Indeed, p World Population Reviewthe birth rate in China is 7.24 live births per 1,000 people in 2025.
As a result, according to Oxford Economics, China’s dependency ratio (the working-age population over 16 years old compared to those over 65 years old) will shift by 60 percentage points between 2010 and 2060.
In Thailand, this number is above 40 percentage points, while Brazil has about 35.
By comparison, the United States is slightly above 10, while the United Kingdom is about 15 years old, although economists point out that “the dependency ratios in advanced economies will be slower…because developed economies are already getting higher and therefore have a higher starting point.”
Developed economies also offer a further option: Together with the labor force around the world to power GDP.
“Immigration helps alleviate some stress by increasing the working age population. For example, we have shown that if in the U.S., immigrants grow from 1 million in 2023 to 1.5mn in 2033 and stabilize thereafter, it will provide a significant boost to economic potential in 2050,” Santaniello and Trevis introduced. ”
Retirement issues
In developed countries such as the United States, dialogues about the decline in birth rates and the decline in aging population have become mainstream.
For example, Elon Musk, the world’s richest man, is already weighing. Respond to posts about a drop in birth rates in the United States on his social media site x Musk wrote: “Earlier this yearLow birth rate will end civilization. ”

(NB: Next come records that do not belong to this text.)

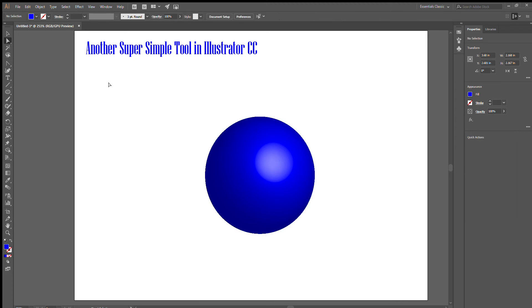It can get a little tedious as it breaks down to every little line. But as far as a super simple way to make a half circle or a 3D sphere, that's how easy it is.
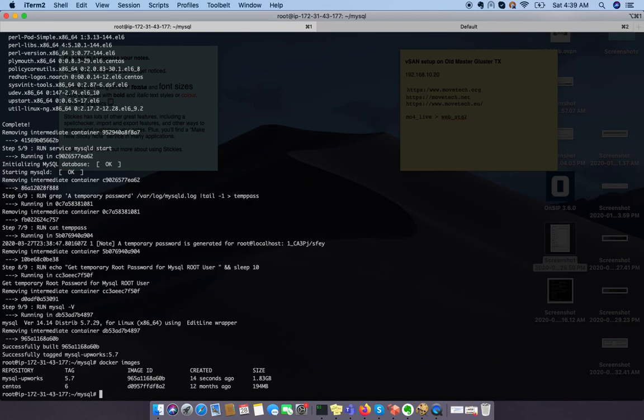In the next video, I'm going to show you how you can spawn up your docker container with your newly created images. Thank you.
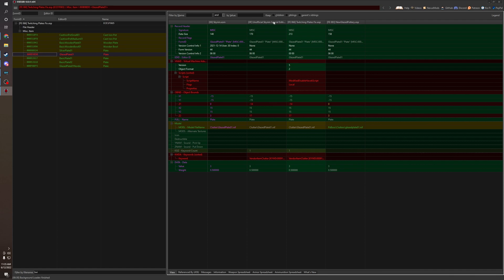And then you have the unofficial patch, and then you have the twitching plate which just forwards the records from UESP and then disables the physics, the Havoc physics.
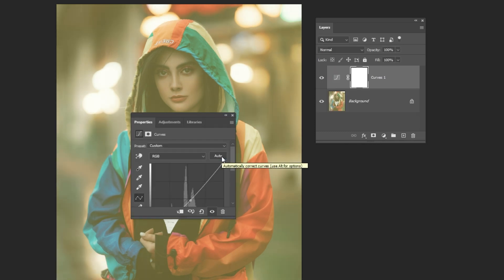As you can see, Photoshop is not able to recover the photo's colors. Instead, do this. Press Ctrl+Z.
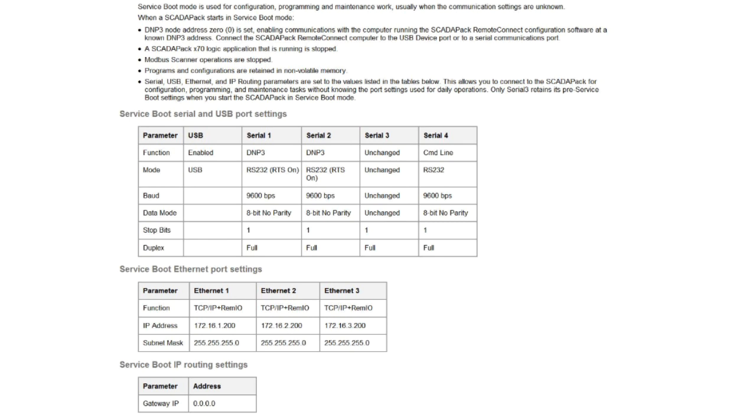Service boot mode is used for configuration, programming and maintenance work, usually when the communication settings are unknown. When a ScadaPack starts in service boot mode the DNP3 node address 0 is set, enabling communications with a computer running the ScadaPack Remote Connect configuration software at a known DNP3 address.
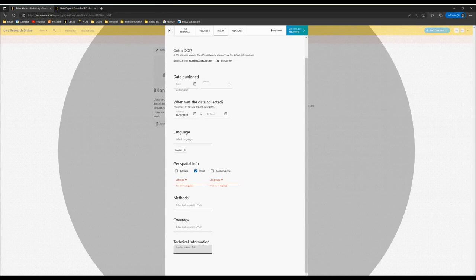In the final video, we'll walk you through how to acknowledge grant funding with the Relations tab.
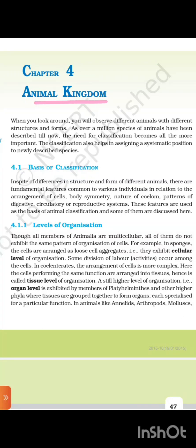Chapter 4: Animal Kingdom. When you look around, you will observe different animals with different structures and forms. As over a million species of animals have been described till now, the need for classification becomes all the more important. Classification also helps in assigning a systematic position to newly described species.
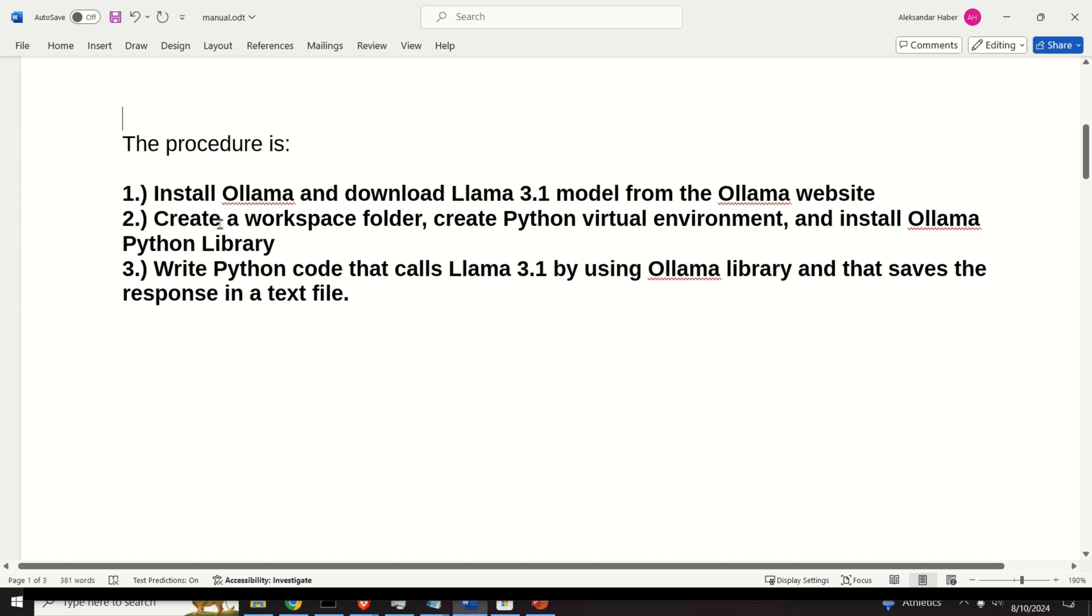Then the second step is to create a workspace folder, create a Python virtual environment, and install OLAMA Python library.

Similarly, figures like Blackrock’s Larry Fink have called on the government to start a national conversation about the public’s need to avoid retirement rather than relying on the state to support it.
he Tell CNN Earlier this year Fortune 500 company. We are providing enough support to our employees, where they get enough retirement.
“Other than that, we refuse to talk about how to expand the economy even more by Americans who are involved. That’s why we have to have a conversation in Washington, which must be seen as a national priority and a national promise to all Americans.”
To this end, the Oxford Economics report shows that the U.S. debt-to-GDP ratio may exceed 250% by 2060 as the government tries to keep up with payments to support its aging population.
“In the social safety net economy, the burden of the aging population is increasingly falling on the families through informal care responsibilities,” the economist wrote.
Meanwhile, in countries with more “generous” welfare systems: “Without reforms, such as raising retirement age or promoting labor force participation, the risks of many welfare systems are unsustainable. In our case, public debt has risen dramatically in most developed economies, in most developed economies, in several silent markets, more and more countries will work hard to reduce, thus minimizing economic changes. Space.”